• [Problem details]
An exact copy of the data is required. No picture may appear in it.

START Provided information

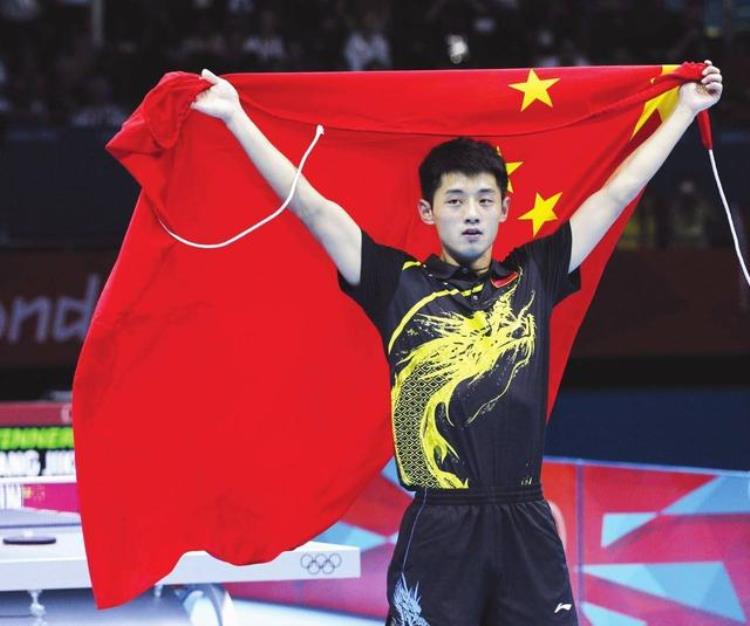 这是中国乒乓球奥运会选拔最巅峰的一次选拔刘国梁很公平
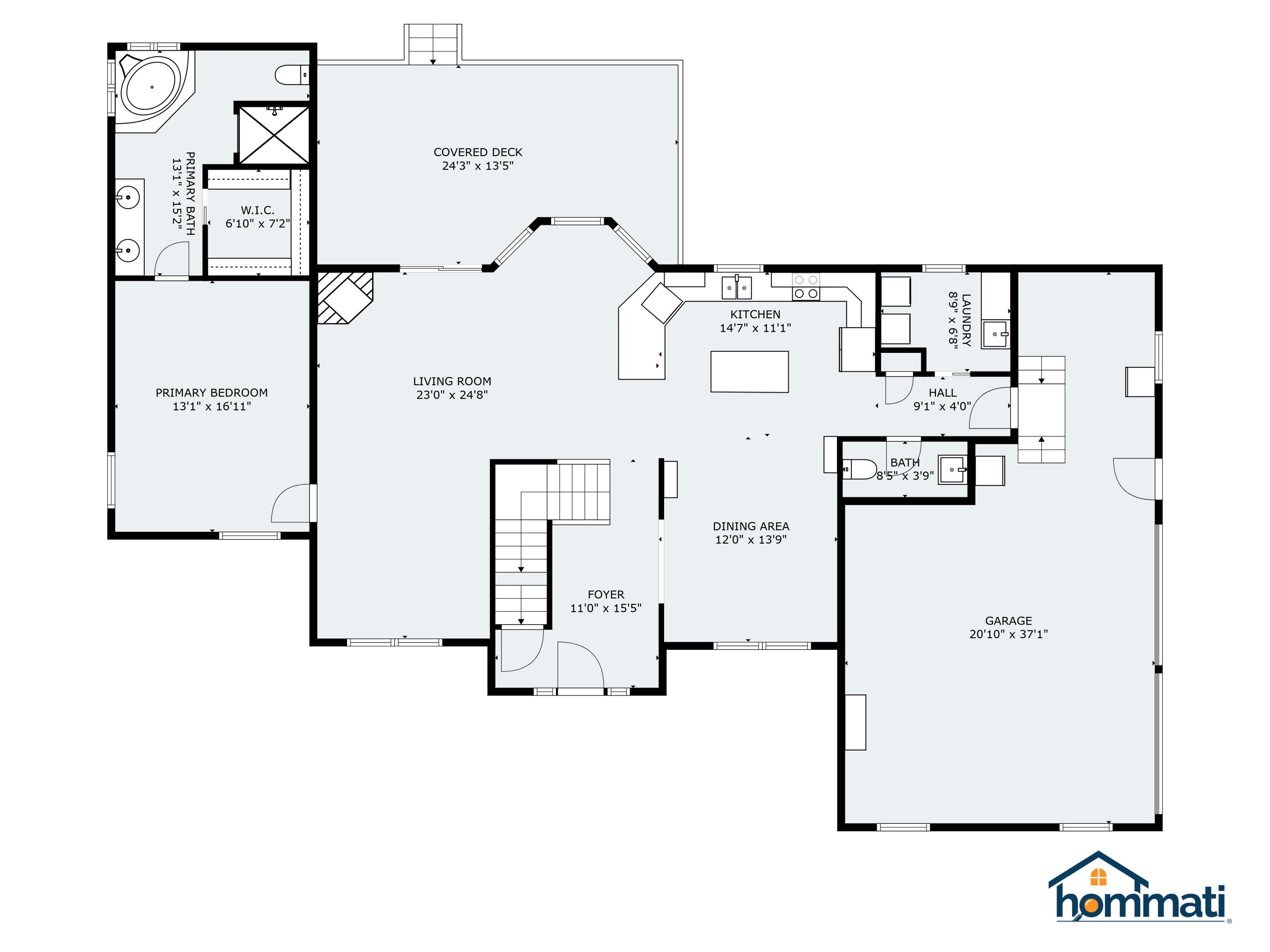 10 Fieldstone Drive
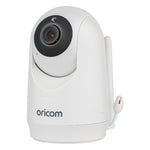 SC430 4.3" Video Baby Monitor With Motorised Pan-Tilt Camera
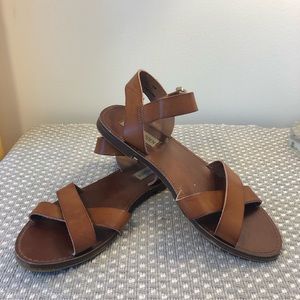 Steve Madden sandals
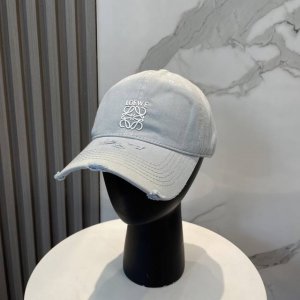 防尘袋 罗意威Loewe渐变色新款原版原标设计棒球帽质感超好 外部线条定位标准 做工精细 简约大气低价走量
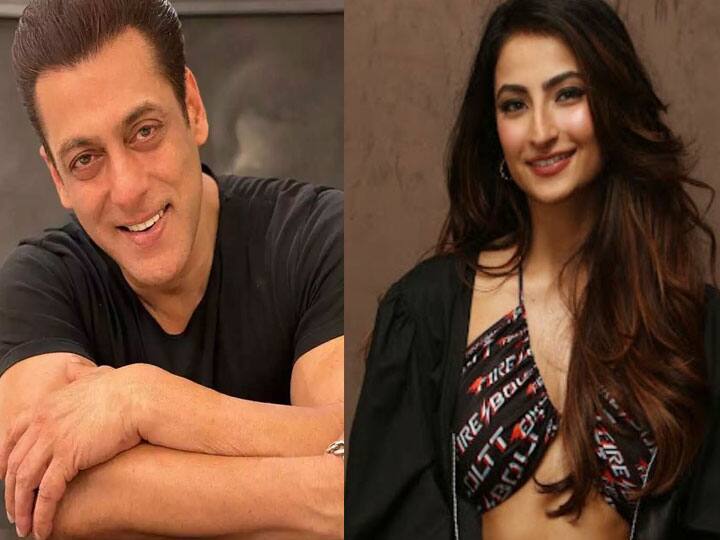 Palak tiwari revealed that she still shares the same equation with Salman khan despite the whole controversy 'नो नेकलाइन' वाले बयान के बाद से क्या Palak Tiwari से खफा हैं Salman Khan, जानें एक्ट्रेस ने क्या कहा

END Provided information

• [Solution to this problem]
 这是中国乒乓球奥运会选拔最巅峰的一次选拔刘国梁很公平
 10 Fieldstone Drive
 SC430 4.3" Video Baby Monitor With Motorised Pan-Tilt Camera
 Steve Madden sandals
 防尘袋 罗意威Loewe渐变色新款原版原标设计棒球帽质感超好 外部线条定位标准 做工精细 简约大气低价走量
 Palak tiwari revealed that she still shares the same equation with Salman khan despite the whole controversy 'नो नेकलाइन' वाले बयान के बाद से क्या Palak Tiwari से खफा हैं Salman Khan, जानें एक्ट्रेस ने क्या कहा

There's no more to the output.